▶ _WORK TO COMPLETE_
Going through the material below, output exactly the lines from the one containing "O6335062 Property Photo" through the one containing "Victorian Royal Artillery", and no pictures.

▶ _INFORMATION_
□ □ □ □

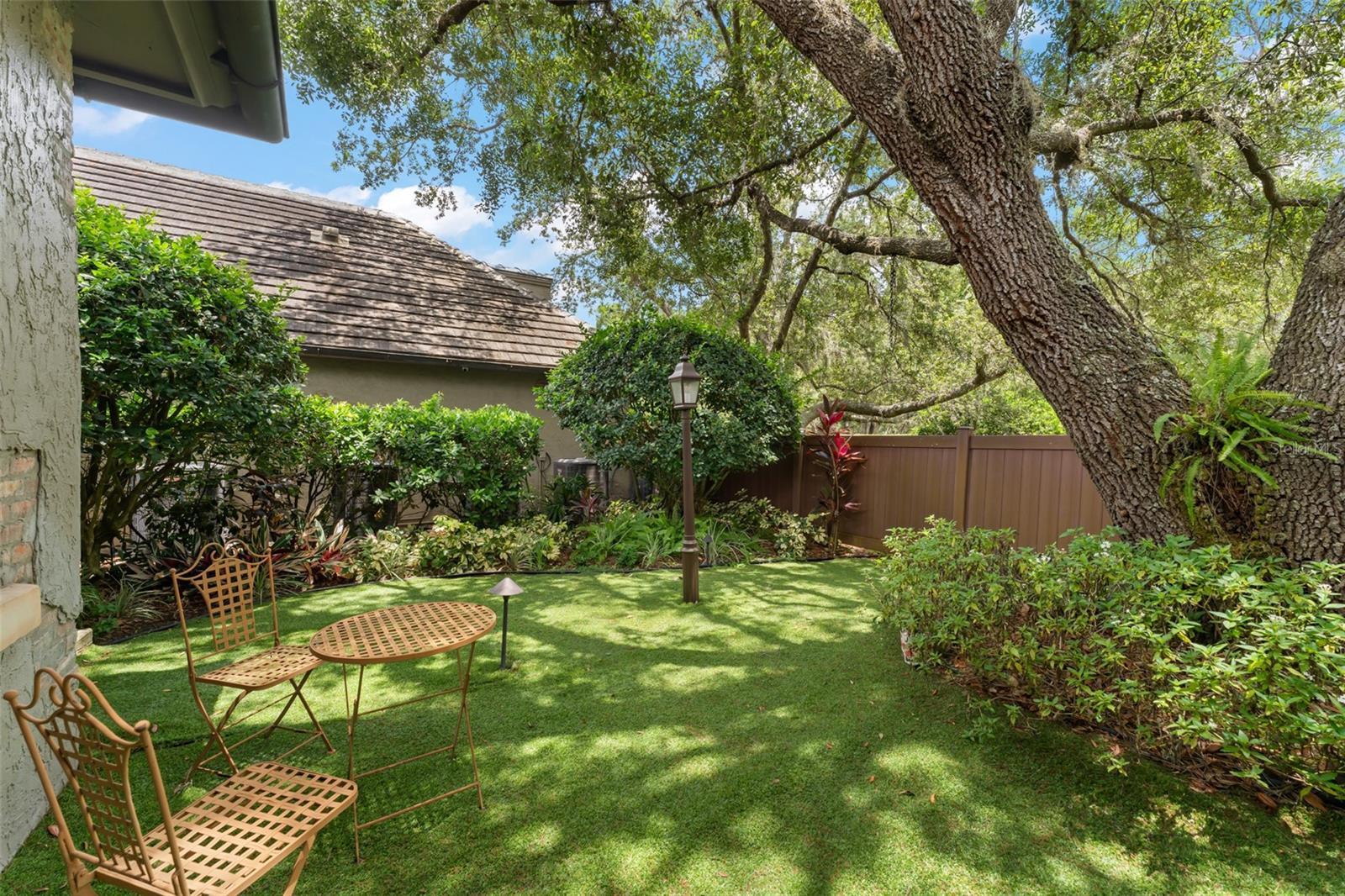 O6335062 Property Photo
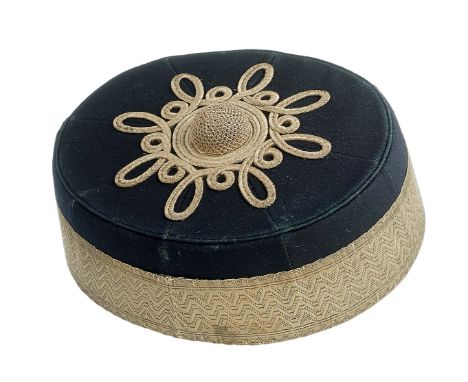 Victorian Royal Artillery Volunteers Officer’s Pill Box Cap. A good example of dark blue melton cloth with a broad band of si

□ □ □ □

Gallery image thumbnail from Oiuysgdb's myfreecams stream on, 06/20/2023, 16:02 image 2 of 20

□ □ □ □

▶ _TASK SOLUTION_
 O6335062 Property Photo
 Victorian Royal Artillery Volunteers Officer’s Pill Box Cap. A good example of dark blue melton cloth with a broad band of si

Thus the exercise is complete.